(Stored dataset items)

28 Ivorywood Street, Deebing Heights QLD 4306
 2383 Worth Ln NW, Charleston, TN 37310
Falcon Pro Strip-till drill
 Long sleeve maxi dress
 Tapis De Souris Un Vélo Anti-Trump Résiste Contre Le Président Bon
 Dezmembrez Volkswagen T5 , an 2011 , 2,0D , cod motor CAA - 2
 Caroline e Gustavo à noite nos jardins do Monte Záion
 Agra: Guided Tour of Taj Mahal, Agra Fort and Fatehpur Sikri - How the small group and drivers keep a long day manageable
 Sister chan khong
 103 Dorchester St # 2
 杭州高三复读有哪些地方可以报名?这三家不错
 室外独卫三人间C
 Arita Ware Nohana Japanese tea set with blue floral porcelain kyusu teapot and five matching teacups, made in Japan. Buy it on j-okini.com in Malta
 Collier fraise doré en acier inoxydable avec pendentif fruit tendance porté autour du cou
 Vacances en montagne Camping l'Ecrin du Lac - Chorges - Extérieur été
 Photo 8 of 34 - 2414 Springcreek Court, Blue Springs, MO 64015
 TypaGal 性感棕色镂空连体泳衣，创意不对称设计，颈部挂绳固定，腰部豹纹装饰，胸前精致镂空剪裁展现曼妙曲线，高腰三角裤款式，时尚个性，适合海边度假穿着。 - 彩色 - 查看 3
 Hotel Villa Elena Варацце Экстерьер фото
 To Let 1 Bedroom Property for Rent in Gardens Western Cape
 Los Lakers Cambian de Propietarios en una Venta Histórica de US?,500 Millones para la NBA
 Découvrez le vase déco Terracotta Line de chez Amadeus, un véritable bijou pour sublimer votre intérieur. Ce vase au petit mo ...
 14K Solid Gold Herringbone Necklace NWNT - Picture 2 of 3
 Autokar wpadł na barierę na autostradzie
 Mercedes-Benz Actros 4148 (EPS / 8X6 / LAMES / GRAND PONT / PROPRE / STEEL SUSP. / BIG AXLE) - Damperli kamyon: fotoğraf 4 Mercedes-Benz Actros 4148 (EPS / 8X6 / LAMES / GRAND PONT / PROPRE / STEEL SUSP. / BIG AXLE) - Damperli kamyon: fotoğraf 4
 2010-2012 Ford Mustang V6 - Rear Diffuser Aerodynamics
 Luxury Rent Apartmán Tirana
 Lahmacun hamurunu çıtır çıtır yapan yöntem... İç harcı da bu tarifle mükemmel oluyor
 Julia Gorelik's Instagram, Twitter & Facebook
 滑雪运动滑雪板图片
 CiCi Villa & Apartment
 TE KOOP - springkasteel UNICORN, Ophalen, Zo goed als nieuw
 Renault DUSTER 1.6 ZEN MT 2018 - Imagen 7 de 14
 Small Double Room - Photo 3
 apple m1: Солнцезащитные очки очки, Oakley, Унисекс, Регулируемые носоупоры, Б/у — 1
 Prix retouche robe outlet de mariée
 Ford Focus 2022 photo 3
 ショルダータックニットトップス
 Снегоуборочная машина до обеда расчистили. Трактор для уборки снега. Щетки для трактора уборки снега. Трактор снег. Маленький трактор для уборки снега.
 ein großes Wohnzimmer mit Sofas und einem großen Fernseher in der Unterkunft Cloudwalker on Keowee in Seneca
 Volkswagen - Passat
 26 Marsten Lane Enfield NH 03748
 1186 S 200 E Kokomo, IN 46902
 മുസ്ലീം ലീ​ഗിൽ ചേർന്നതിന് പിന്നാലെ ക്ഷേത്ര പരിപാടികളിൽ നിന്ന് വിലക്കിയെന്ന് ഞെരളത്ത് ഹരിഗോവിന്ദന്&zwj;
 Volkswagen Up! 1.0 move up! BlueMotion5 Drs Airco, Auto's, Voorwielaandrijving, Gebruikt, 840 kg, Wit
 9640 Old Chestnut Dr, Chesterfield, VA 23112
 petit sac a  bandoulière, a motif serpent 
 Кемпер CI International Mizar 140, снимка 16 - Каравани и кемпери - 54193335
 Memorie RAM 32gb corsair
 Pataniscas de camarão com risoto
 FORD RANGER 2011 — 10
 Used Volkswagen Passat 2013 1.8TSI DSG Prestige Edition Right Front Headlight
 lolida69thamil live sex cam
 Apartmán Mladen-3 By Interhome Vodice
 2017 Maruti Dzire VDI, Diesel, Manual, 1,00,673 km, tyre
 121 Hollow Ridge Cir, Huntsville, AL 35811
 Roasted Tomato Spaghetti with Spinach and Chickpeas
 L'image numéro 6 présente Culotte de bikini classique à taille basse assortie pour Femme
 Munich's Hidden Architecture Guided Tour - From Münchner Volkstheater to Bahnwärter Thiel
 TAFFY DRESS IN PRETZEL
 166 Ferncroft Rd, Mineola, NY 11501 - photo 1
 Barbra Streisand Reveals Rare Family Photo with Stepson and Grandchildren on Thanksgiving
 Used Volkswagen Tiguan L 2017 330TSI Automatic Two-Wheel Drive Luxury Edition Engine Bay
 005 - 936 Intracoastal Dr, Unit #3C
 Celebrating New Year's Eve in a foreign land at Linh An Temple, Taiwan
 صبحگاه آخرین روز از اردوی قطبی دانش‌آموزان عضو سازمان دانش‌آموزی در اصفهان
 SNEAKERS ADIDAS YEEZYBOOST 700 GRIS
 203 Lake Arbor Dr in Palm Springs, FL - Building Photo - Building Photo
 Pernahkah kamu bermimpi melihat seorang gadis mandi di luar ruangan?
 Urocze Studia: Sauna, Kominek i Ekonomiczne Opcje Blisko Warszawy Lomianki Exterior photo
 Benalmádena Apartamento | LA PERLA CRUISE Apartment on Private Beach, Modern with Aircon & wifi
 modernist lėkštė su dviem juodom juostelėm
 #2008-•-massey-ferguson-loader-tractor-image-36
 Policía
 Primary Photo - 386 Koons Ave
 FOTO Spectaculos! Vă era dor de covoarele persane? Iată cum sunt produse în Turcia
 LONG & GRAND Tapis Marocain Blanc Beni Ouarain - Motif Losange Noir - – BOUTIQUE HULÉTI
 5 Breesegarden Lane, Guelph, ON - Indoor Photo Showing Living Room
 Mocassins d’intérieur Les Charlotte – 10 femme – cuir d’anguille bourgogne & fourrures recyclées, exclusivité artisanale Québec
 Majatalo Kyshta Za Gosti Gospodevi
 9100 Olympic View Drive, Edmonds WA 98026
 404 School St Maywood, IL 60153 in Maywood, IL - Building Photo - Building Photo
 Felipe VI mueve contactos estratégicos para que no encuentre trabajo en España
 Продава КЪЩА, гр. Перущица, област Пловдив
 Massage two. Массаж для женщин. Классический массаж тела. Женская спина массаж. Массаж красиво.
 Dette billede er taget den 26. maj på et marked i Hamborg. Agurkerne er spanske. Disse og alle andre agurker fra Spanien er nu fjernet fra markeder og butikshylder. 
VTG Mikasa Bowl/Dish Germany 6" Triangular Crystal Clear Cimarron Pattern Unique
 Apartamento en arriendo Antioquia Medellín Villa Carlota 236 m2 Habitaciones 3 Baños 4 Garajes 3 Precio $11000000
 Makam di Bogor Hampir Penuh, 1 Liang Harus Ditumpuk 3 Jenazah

- [ASSIGNED TASK]:
Go through the entries and return each line where the word "Tapis" appears.

- [ANSWER]:
 Tapis De Souris Un Vélo Anti-Trump Résiste Contre Le Président Bon
 LONG & GRAND Tapis Marocain Blanc Beni Ouarain - Motif Losange Noir - – BOUTIQUE HULÉTI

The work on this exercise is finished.